- **Your assignment**: Below this task are records; return each one exactly and omit its images.

- **Provided records**:
▼

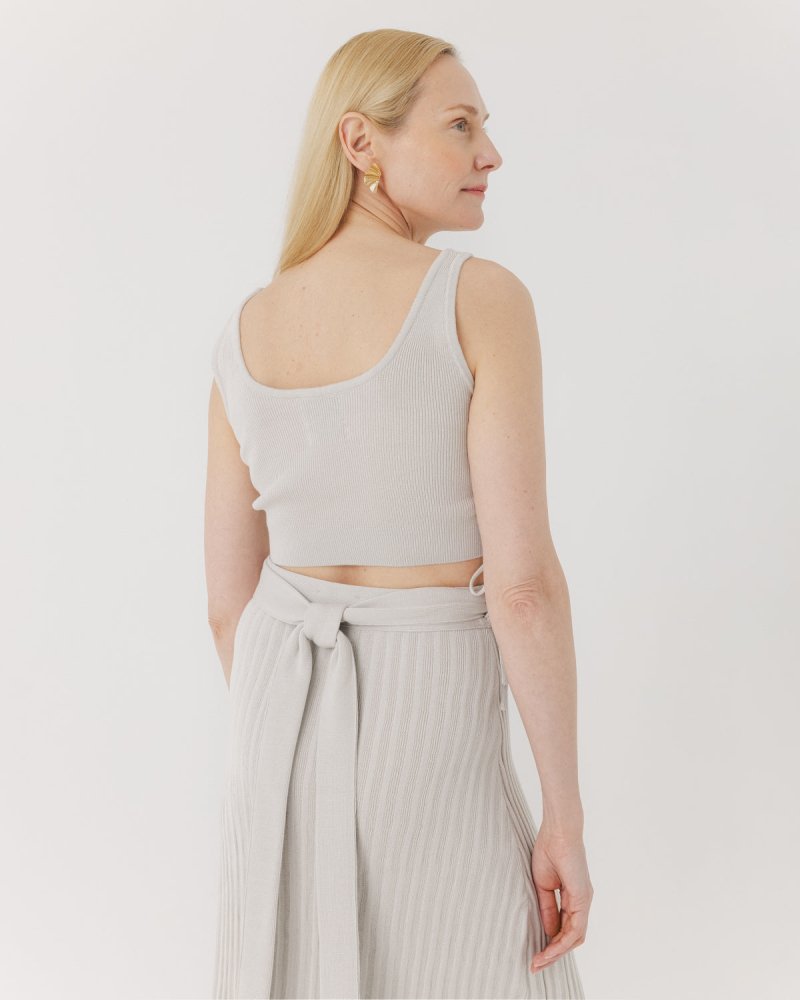 Šatrija: Silver Grey Cotton Wrap Skirt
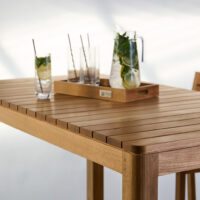 Brunswick Teak Outdoor Bar Table - Image 13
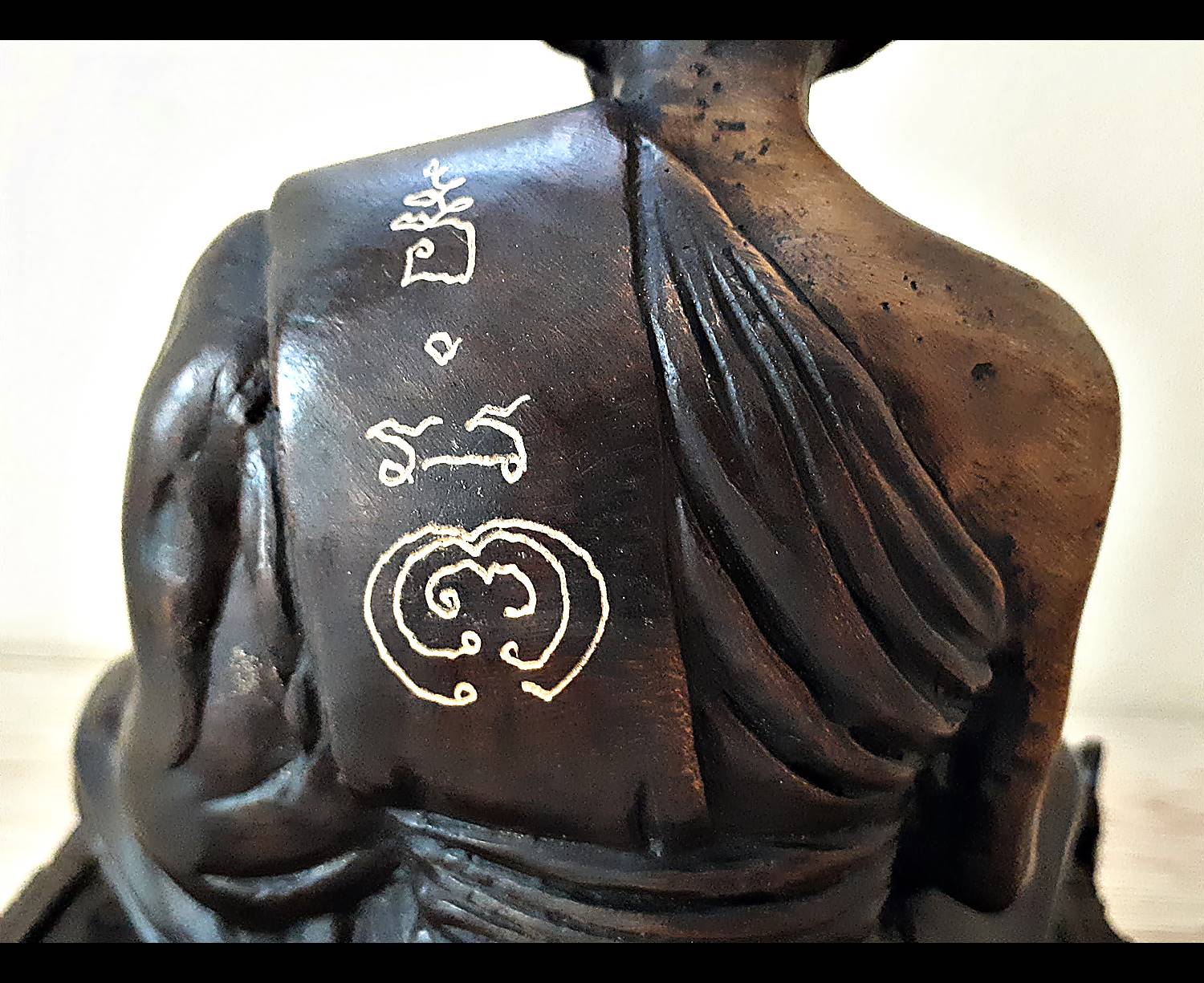 รูปหล่อ หลวงปู่ศุข วัดปากคลองมะข่ามเฒ่า ชัยนาท หน้าตัก5นิ้ว เนื้อทองเหลืองโลหะ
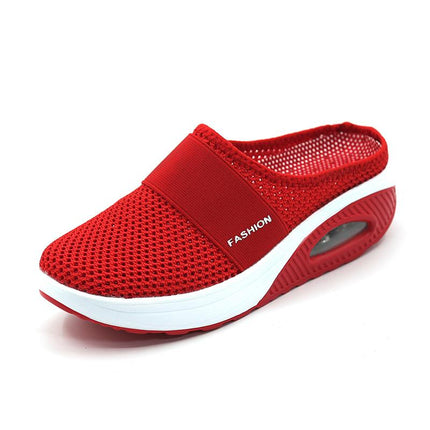 Women's Orthopedic Walking Shoes Red Shoes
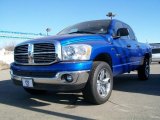 2008 Patriot Blue Pearl Dodge Ram 1500 Big Horn Edition Quad Cab 4x4 #26673103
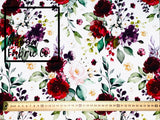 Genevieve 'White' Cotton Lycra Fabric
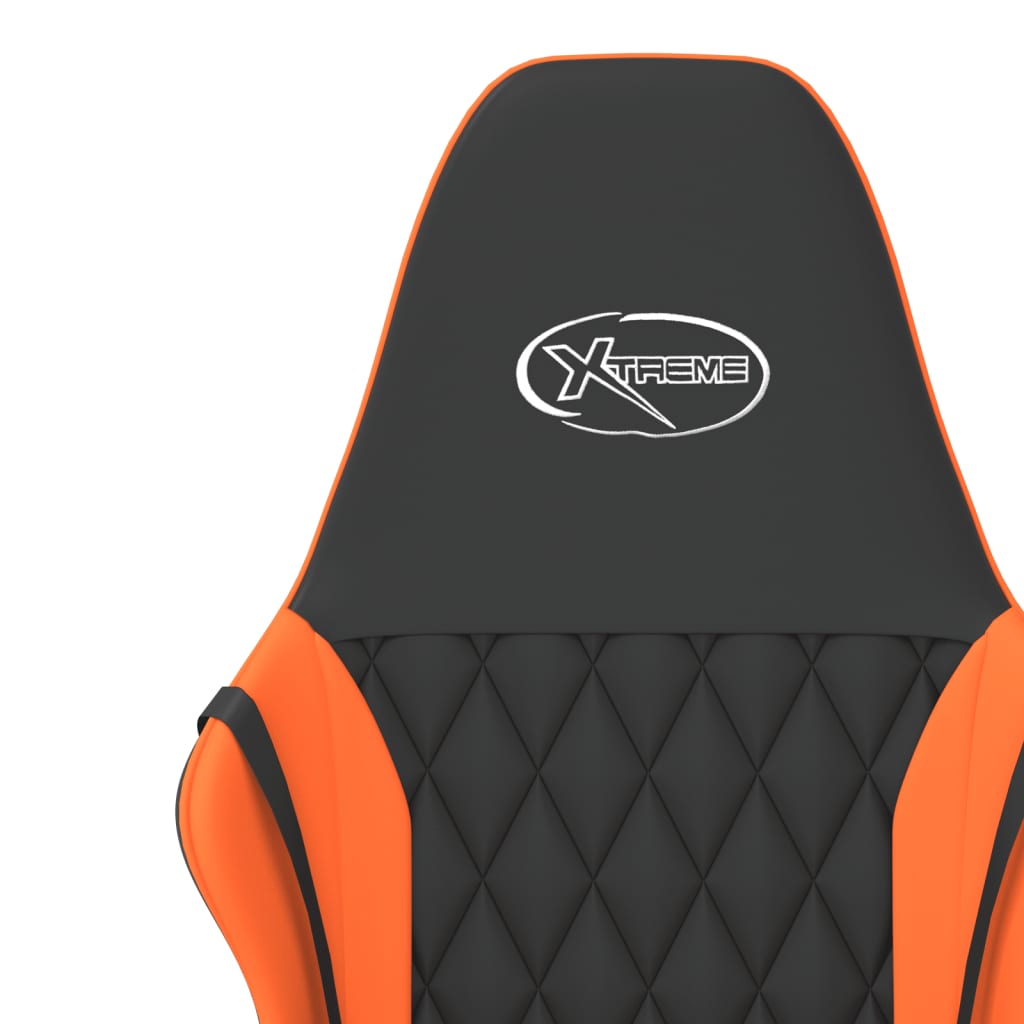 Massage gamestoel kunstleer zwart en oranje is nu te koop bij PeponiXL, paradijselijk wonen!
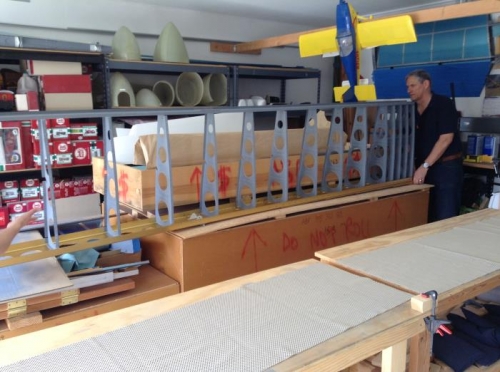 Stored and secured to make room for right wing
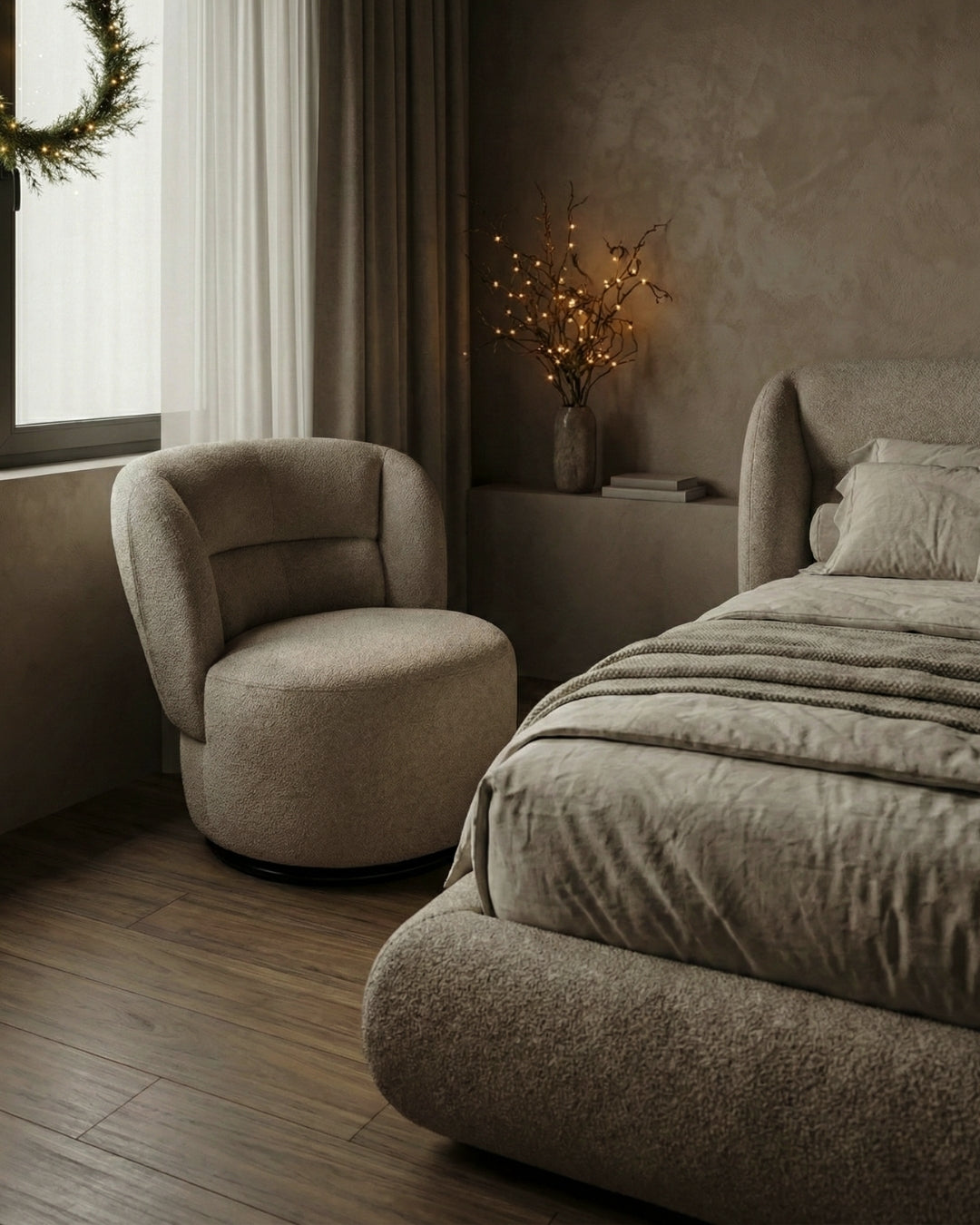 Hotel Paradiso 1인 회전 라운지 체어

▲

- **Answer to the exercise**:
 Šatrija: Silver Grey Cotton Wrap Skirt
 Brunswick Teak Outdoor Bar Table - Image 13
 รูปหล่อ หลวงปู่ศุข วัดปากคลองมะข่ามเฒ่า ชัยนาท หน้าตัก5นิ้ว เนื้อทองเหลืองโลหะ
 Women's Orthopedic Walking Shoes Red Shoes
 2008 Patriot Blue Pearl Dodge Ram 1500 Big Horn Edition Quad Cab 4x4 #26673103
 Genevieve 'White' Cotton Lycra Fabric
 Massage gamestoel kunstleer zwart en oranje is nu te koop bij PeponiXL, paradijselijk wonen!
 Stored and secured to make room for right wing
 Hotel Paradiso 1인 회전 라운지 체어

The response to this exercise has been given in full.